Transcript
Training neural networks to perform tasks, such as recognizing images or navigating self-driving cars, currently requires lots of
computing hardware and electricity. But thanks to a new artificial neuron device developed by researchers at the University of California San Diego such neural network computations may eventually require between 100 and 1000 times less energy and chip area than existing CMOS based hardware.
Neural networks are a series of connected layers of artificial neurons, where the output of one layer provides the input to the next. Generating that input is done by applying a mathematical calculation called a non-linear activation function. This is a critical aspect of running a neural network. But applying this function requires a lot of computing power and circuitry because it involves transferring data back and forth between two separate units - the memory and an external processor.
As recently reported in Nature Nanotechnology, the UC San Diego researchers have developed a nanometer-sized device that can efficiently carry out the activation function. Today, neural network computations in hardware get increasingly inefficient as the neural network models get larger and more complex.
To address this problem, the researchers developed a single nanoscale artificial neuron device that implements these computations in hardware in a way that is both very area-efficient and energy efficient. The new study was performed in collaboration with a DOE Energy Frontier Research Center, which focuses on developing hardware implementations of energy efficient artificial neural networks.
The device implements one of the most commonly used activation functions in neural network training called a rectified linear unit.
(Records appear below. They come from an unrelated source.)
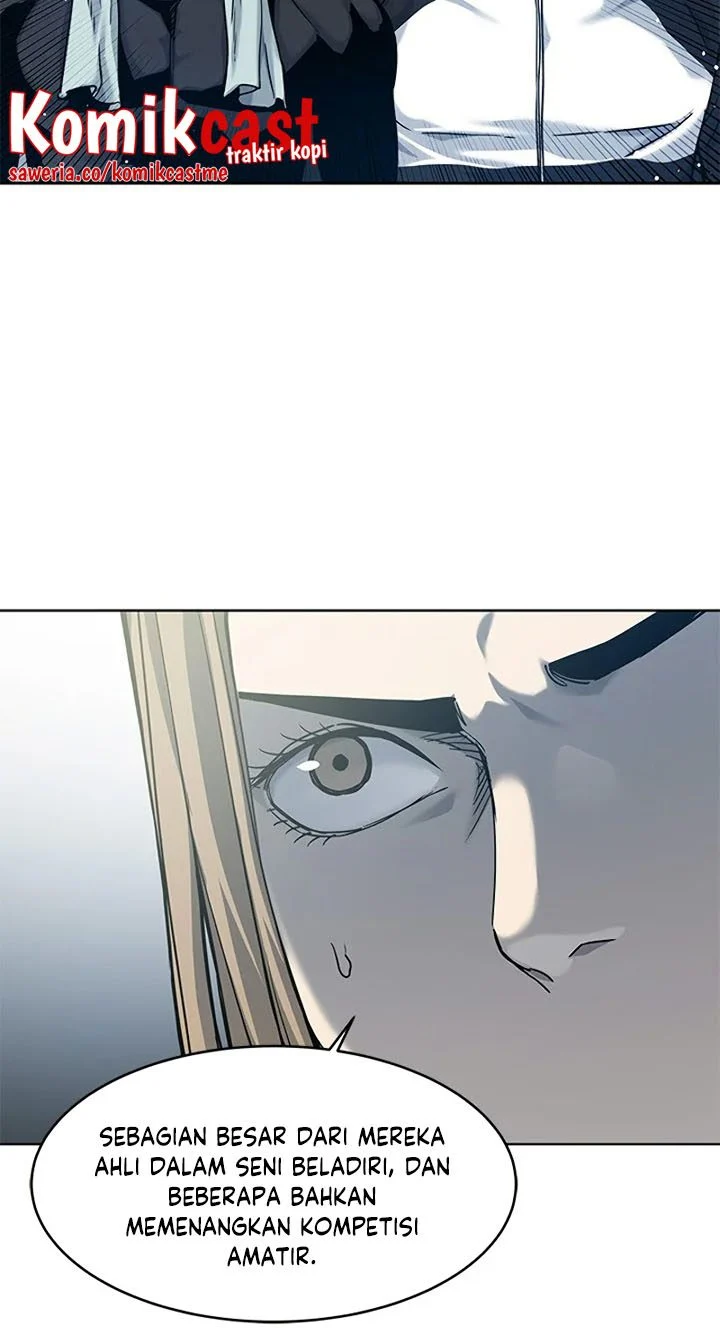 God of Blackfield Chapter 90 - halaman 21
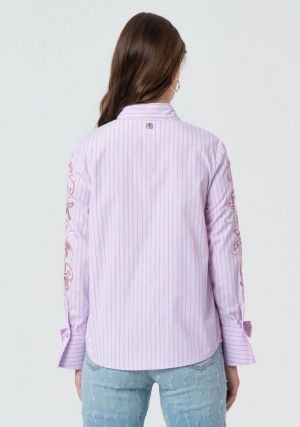 FR25ST6012W696N8-238 ROSE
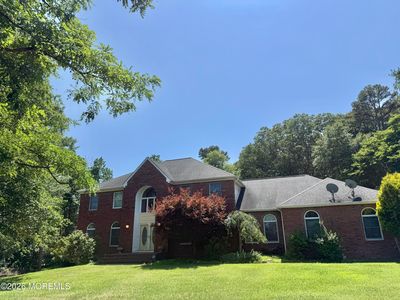 6 Seaman Road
This function is special because it must use hardware that can undergo a gradual change in resistance in order to work. And that's exactly what the UC San Diego researchers engineered their device to do; it can gradually switch from an insulating to a conducting state, and it does so with the help of a little bit of heat.
This switch performs what's called a Mott transition. It takes place in a nanometer thick layer of vanadium dioxide. Above this layer is a nanowire heater made of titanium and gold. When current flows through the nanowire, the vanadium dioxide layer slowly heats up, causing a slow, controlled switch from insulating to conducting. This device architecture is very interesting and innovative.
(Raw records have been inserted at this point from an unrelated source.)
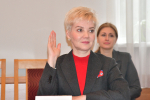 В городской Думе обсудили развитие молодежной политики и подготовку к летней оздоровительной кампании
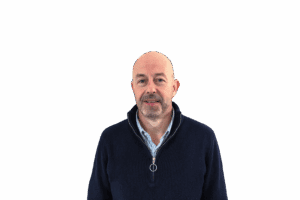 Picture of Dr. Ciarán Magee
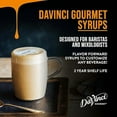 thumbnail image 4 of DaVinci Gourmet Toasted Marshmallow Sugar Free Syrup, 25.4 fl oz + Gold Pump, 4 of 6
Typically, materials in a Mott transition experience an abrupt switch from insulating to conducting because the current flows directly through the material. But in this case, the flow of current through a nanowire on top of the material heats it and induces a very gradual resistance change. To implement the device, the researchers first fabricated an array of these so-called neuron devices, along with a synaptic device array.
Then they integrated the two arrays on a custom printed circuit board and connected them together to create a hardware version of a neural network. To demonstrate that the integrated hardware system can perform activation functions that are essential for many types of deep neural networks, the researchers used the network to process an image.
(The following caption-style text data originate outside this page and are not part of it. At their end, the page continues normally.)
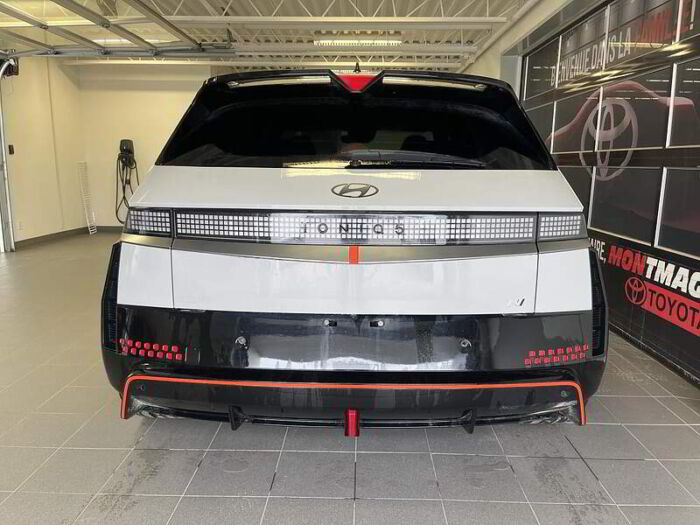 Hyundai IONIQ 5 N/A – Image 5
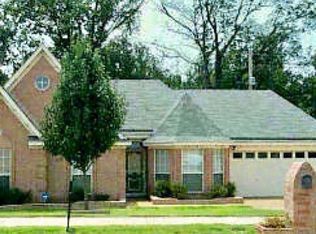7689 Parkmont Dr, Memphis, TN 38125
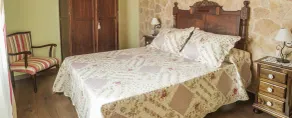 Casa Rural Millán - Zimmer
It used a type of image processing called "edge detection," which identifies the outlines or edges of objects in an image. The researchers say the technology could be further scaled-up to do more complex tasks such as facial and object recognition in self driving cars. Right now, this artificial neuron device is a proof of concept.
It's a tiny system in which the researchers only stacked one synapse layer with one activation layer. However, by stacking more of these together, engineers could make more complex systems for different applications.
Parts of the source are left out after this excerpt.